- Task prompt: Set the pictures aside and transcribe exactly the lines from the one containing "JR Wheels JR46" through the final line of the records.

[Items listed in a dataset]
= = = = = = =

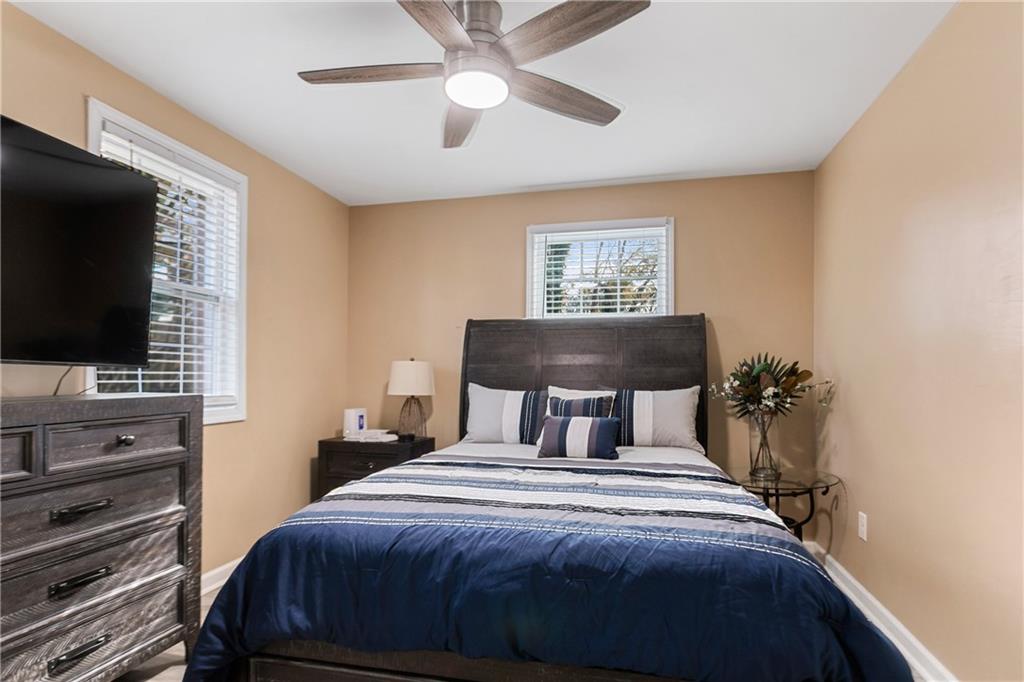 142 Hutton Place Northwest Atlanta, GA 30318 - Photo 5 of 14 a bedroom with a bed and a flat screen tv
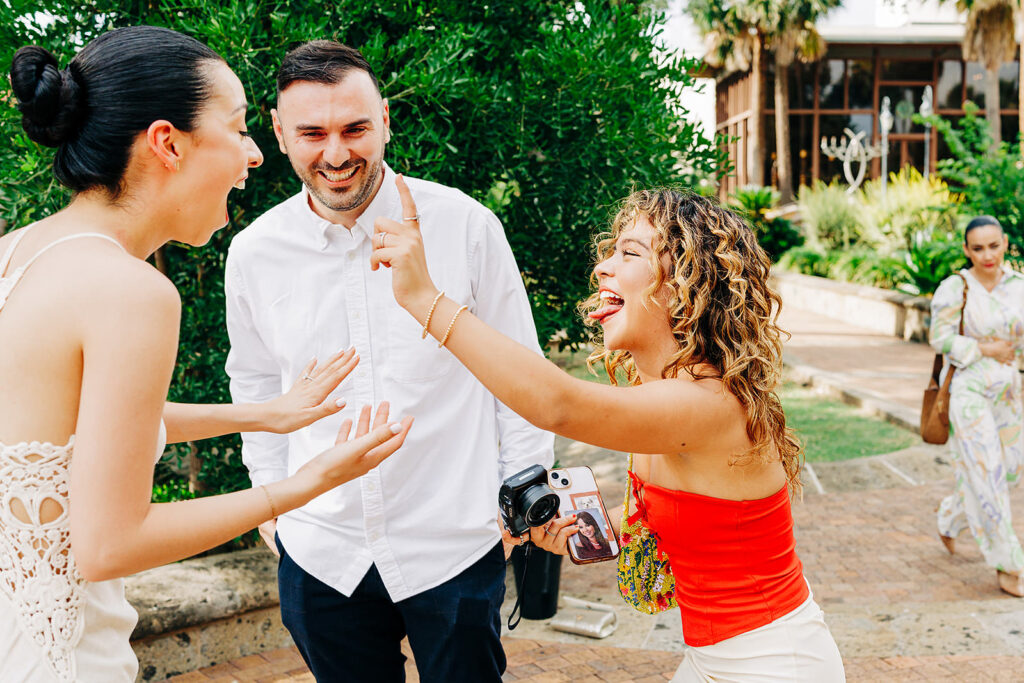 Three people stand outside, laughing and smiling together. One woman gestures playfully toward another, who laughs with her mouth open. A man in a white shirt smiles in the middle&mdash;perhaps celebrating a proposal at the scenic McNay Art Museum.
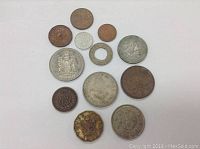 Top-down photo showing 13 old coins in varying conditions and metals arranged on white background.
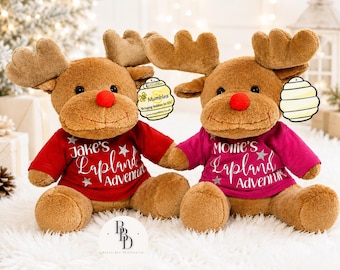 May include: Two plush reindeer toys with brown fur and red noses. The left reindeer wears a red shirt with white text reading Jake's Lapland Adventure and silver stars. The right reindeer wears a magenta shirt with white text reading Mollie's Lapland Adventure and silver stars.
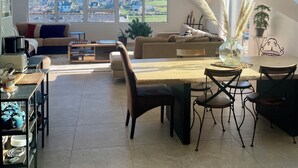 Un loft espaiós amb un gran lucernari, una zona de menjador i un espai tranquil per seure amb vistes al barri.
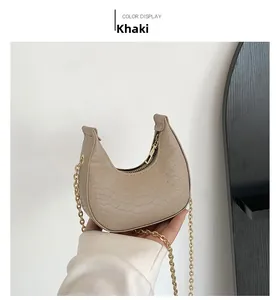 Detailed macro shot of khaki crescent bag featuring scale texture and gold chain strap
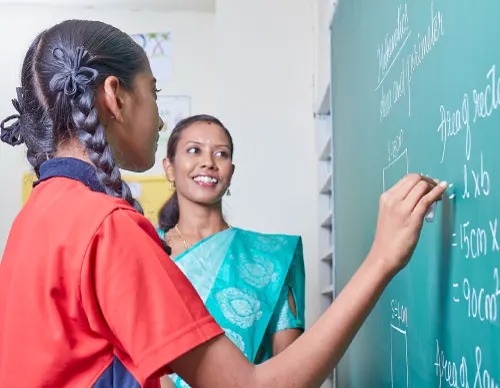 Children laughing together in outdoor play area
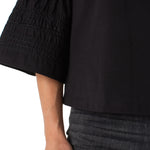 Close-up of a person wearing a black blouse with smocked sleeves on a white background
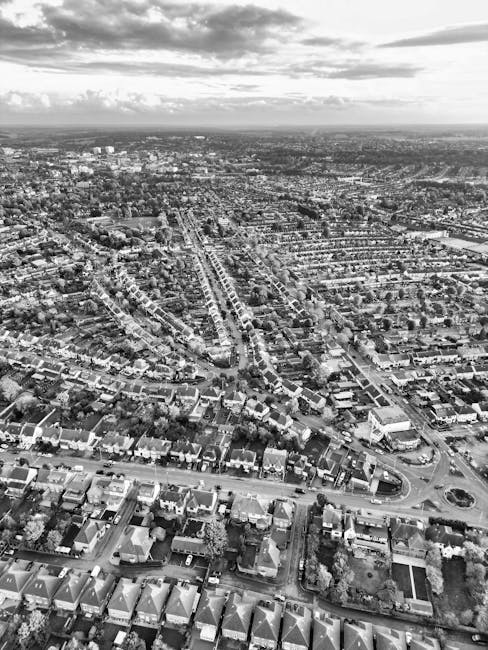 A black and white aerial photograph of a residential area featuring numerous detached and semi-detached houses with pitched roofs, some with chimneys, arranged in a grid pattern. The landscape includes tree-lined streets, small gardens, and varied building materials such as brick and tile. The sky is filled with scattered, fluffy clouds, and the overall scene conveys a calm, suburban environment. For professional surface cleaning, deep cleaning, and sanitisation services, Cleaners Enfield can assist with maintaining hygiene and cleanliness in such residential settings.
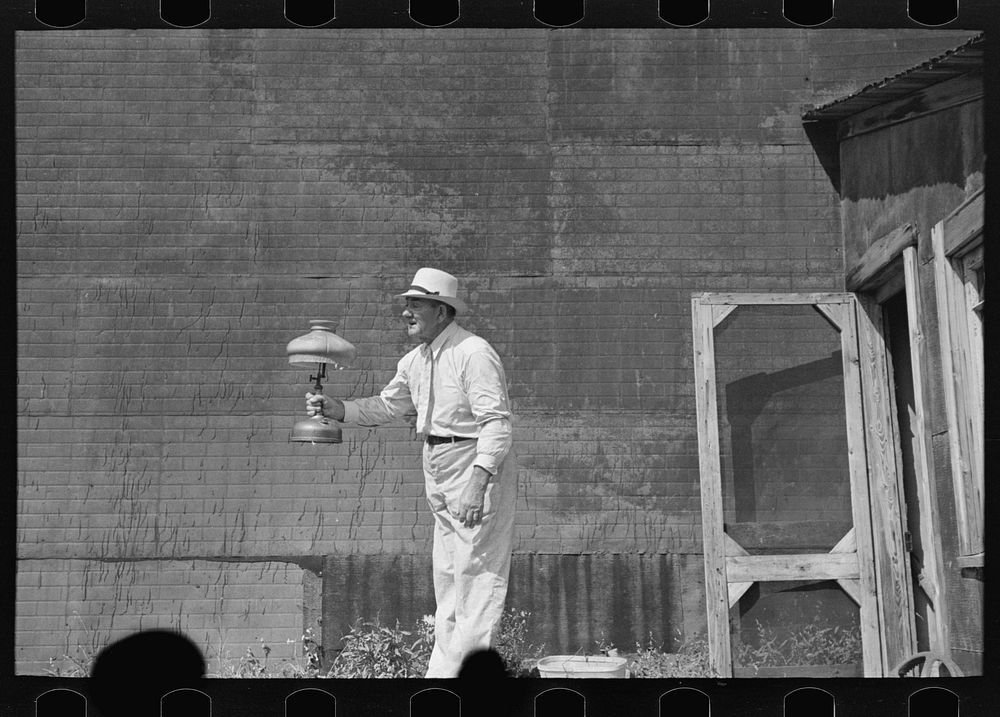 The auctioneer at S.W. Sparlin sale, Orth, Minnesota by Russell Lee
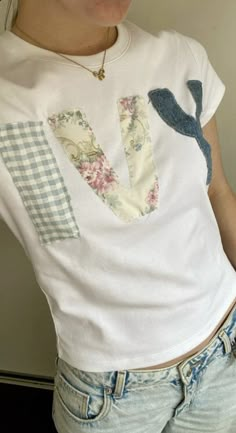 a woman wearing a white t - shirt with floral appliques on it's chest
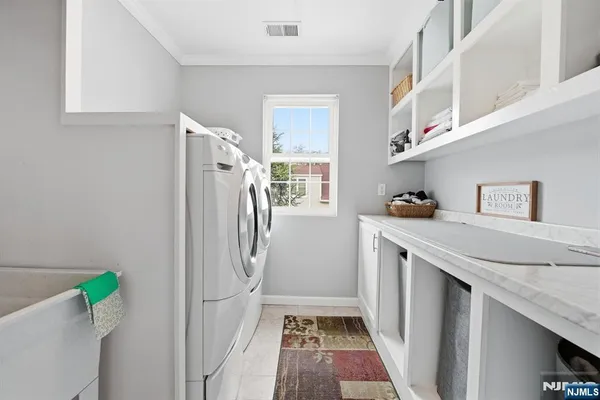 a utility room with cabinets washer and dryer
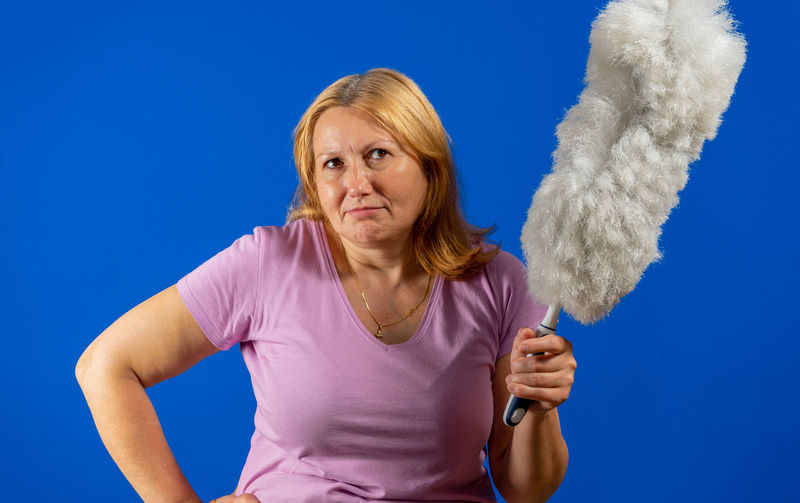 Portrait of woman standing against blue background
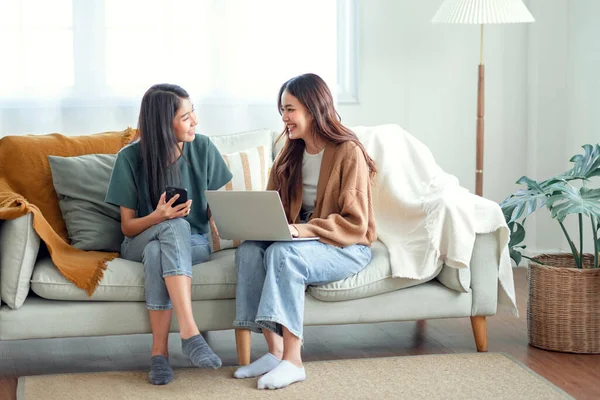 Two woman communicate with their friends and classmates via video link using a laptop and smartphone in the living room. Friends, friendship, time together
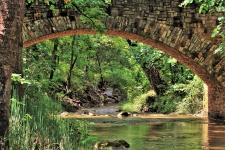 Arched Stone Bridge Over Creek
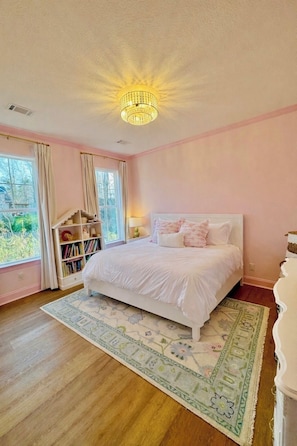 Quarto com cama branca, um candelabro, uma estante de livros e vista para o verde lá fora.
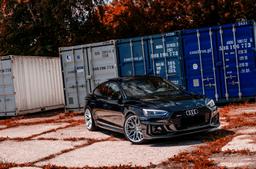 JR Wheels JR46 Silver alloy wheel mounted on car in an atmospheric setting
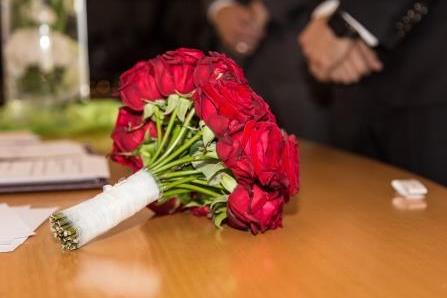 Brautstrauß aus Rosen liegt auf einem Tisch.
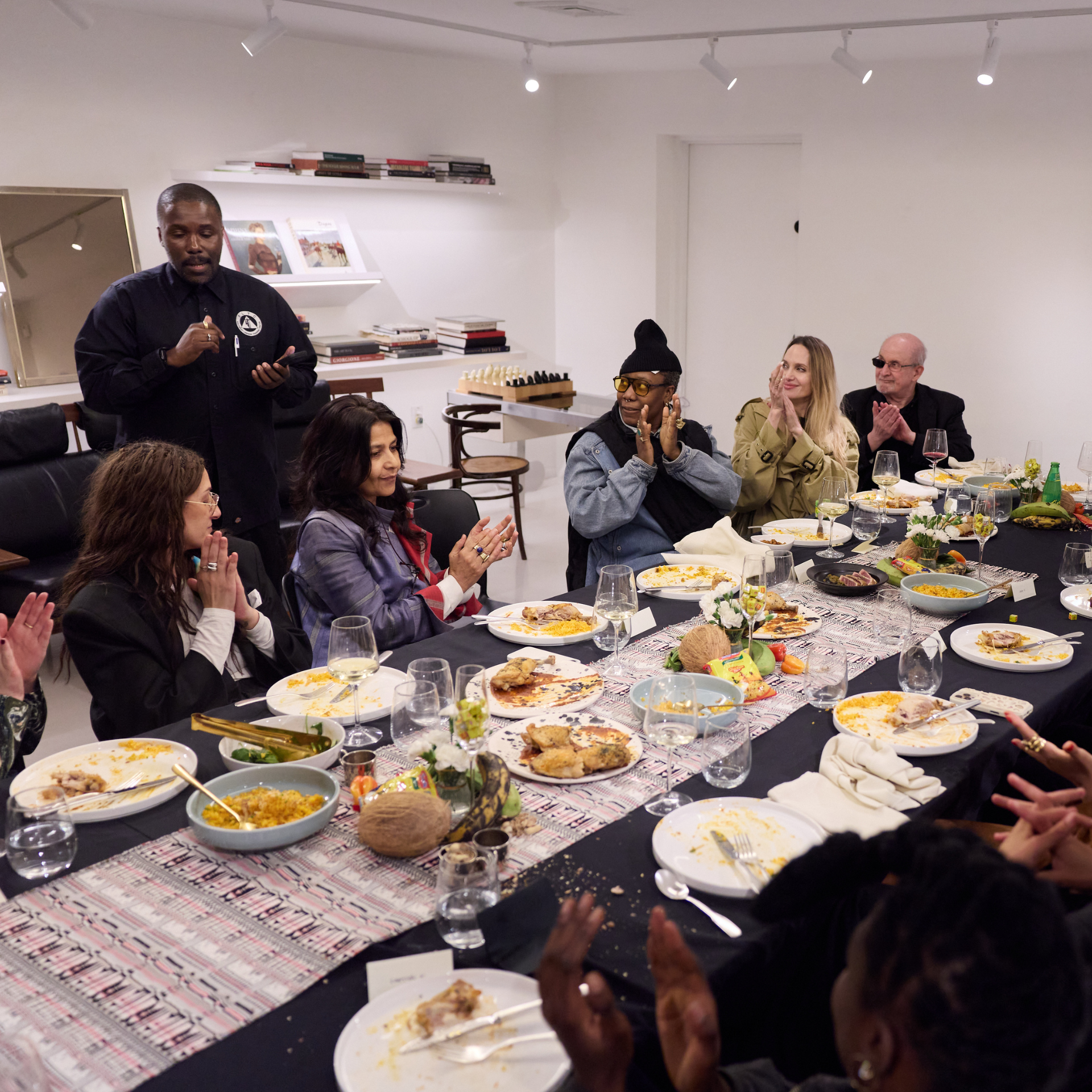 Group of people seated at a long dining table with food, drinks, and decorations in a modern room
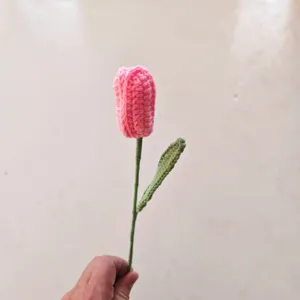 Handmade crochet pink tulip flower detail, single stem knitting yarn floral handicraft.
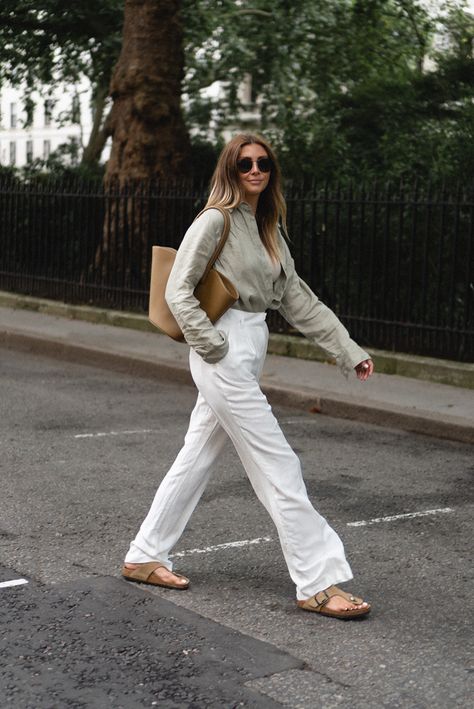 Emma Hill wears sage green linen shirt, beige ribbed vest top, white linen tailored pleated wide leg trousers, Birkenstock Gizeh big buckle sandals, Little Liffner Tulip tote bag. Chic casual Summer outfit Birkenstock Gizeh Outfit, White Birkenstock Outfit, Green Trousers Outfit, Birkenstock Outfit Summer, Green Shirt Outfits, Linen Shirt Outfit, Emma Hill, Slow Clothing, 70s Inspired Outfits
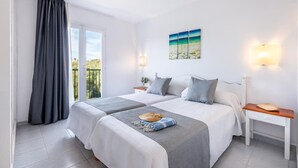 A double bed room with two bedside tables, a window with curtains, a painting on the wall, and a view of the outdoors. - Apartamentos Vibra Caleta Playa (Ciutadella de Menorca)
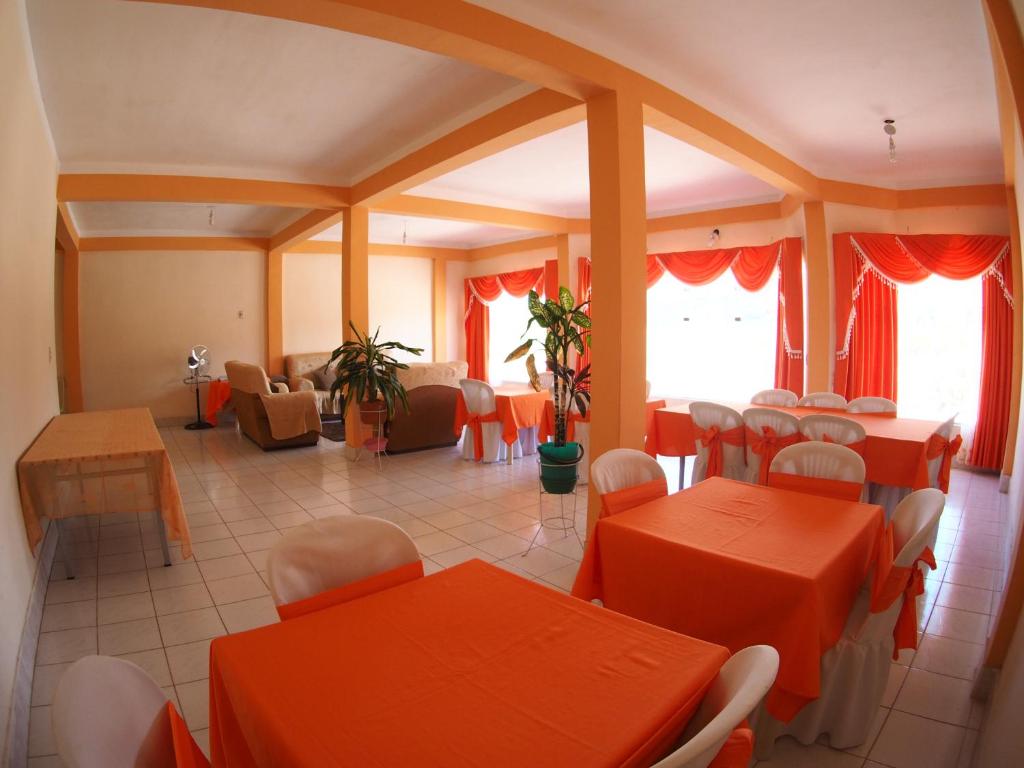 图皮萨Hostal Butch Cassidy的用餐室配有橙色桌椅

= = = = = = =

- Response:
 JR Wheels JR46 Silver alloy wheel mounted on car in an atmospheric setting
 Brautstrauß aus Rosen liegt auf einem Tisch.
 Group of people seated at a long dining table with food, drinks, and decorations in a modern room
 Handmade crochet pink tulip flower detail, single stem knitting yarn floral handicraft.
 Emma Hill wears sage green linen shirt, beige ribbed vest top, white linen tailored pleated wide leg trousers, Birkenstock Gizeh big buckle sandals, Little Liffner Tulip tote bag. Chic casual Summer outfit Birkenstock Gizeh Outfit, White Birkenstock Outfit, Green Trousers Outfit, Birkenstock Outfit Summer, Green Shirt Outfits, Linen Shirt Outfit, Emma Hill, Slow Clothing, 70s Inspired Outfits
 A double bed room with two bedside tables, a window with curtains, a painting on the wall, and a view of the outdoors. - Apartamentos Vibra Caleta Playa (Ciutadella de Menorca)
 图皮萨Hostal Butch Cassidy的用餐室配有橙色桌椅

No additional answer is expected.